Cancer discovery (2021-11-20)
Florian Wiede, Kun-Hui Lu, Xin Du, Mara N Zeissig, Rachel Xu, Pei Kee Goh, Chrysovalantou E Xirouchaki, Samuel J Hogarth, Spencer Greatorex, Kevin Sek, Roger J Daly, Paul A Beavis, Phillip K Darcy, Nicholas K Tonks, Tony Tiganis
ZUSAMMENFASSUNG

Immunotherapies aimed at alleviating the inhibitory constraints on T cells have revolutionized cancer management. To date, these have focused on the blockade of cell-surface checkpoints such as PD-1. Herein we identify protein tyrosine phosphatase 1B (PTP1B) as an intracellular checkpoint that is upregulated in T cells in tumors.
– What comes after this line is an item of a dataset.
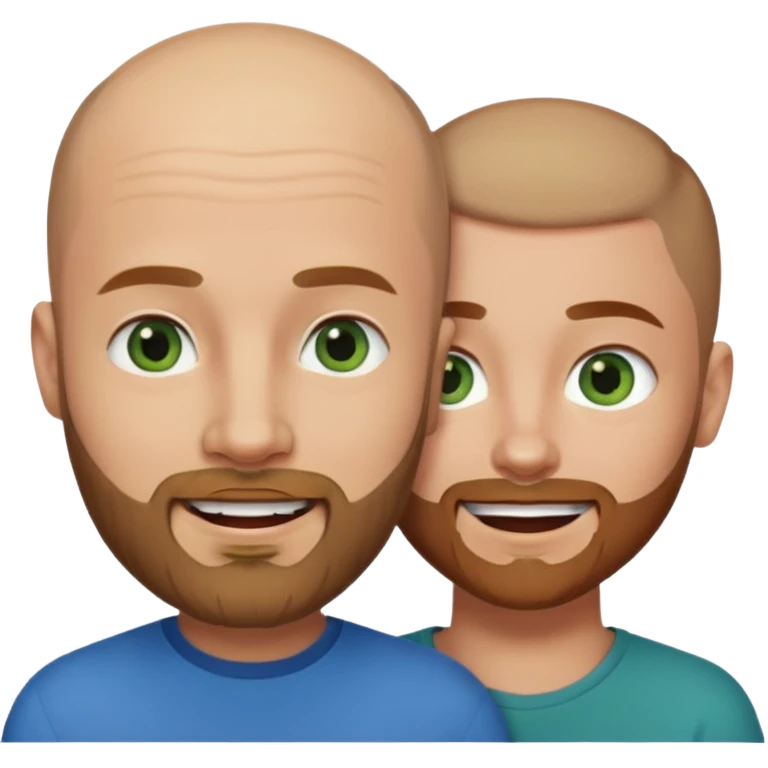 Shaved head man with dark blonde beard and blue eyes with mouth closed smile with brown haired woman with green eyes emoji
We show that increased PTP1B limits T-cell expansion and cytotoxicity to contribute to tumor growth. T cell-specific PTP1B deletion increased STAT5 signaling, and this enhanced the antigen-induced expansion and cytotoxicity of CD8+ T cells to suppress tumor growth. The pharmacologic inhibition of PTP1B recapitulated the T cell-mediated repression of tumor growth and enhanced the response to PD-1 blockade. Furthermore, the deletion or inhibition of PTP1B enhanced the efficacy of adoptively transferred chimeric antigen receptor (CAR) T cells against solid tumors. Our findings identify PTP1B as an intracellular checkpoint whose inhibition can alleviate the inhibitory constraints on T cells and CAR T cells to combat cancer. Tumors subvert antitumor immunity by engaging checkpoints that promote T-cell exhaustion. Here we identify PTP1B as an intracellular checkpoint and therapeutic target. We show that PTP1B is upregulated in intratumoral T cells and that its deletion or inhibition enhances T-cell antitumor activity and increases CAR T-cell effectiveness against solid tumors. This article is highlighted in the In This Issue feature, p. 587.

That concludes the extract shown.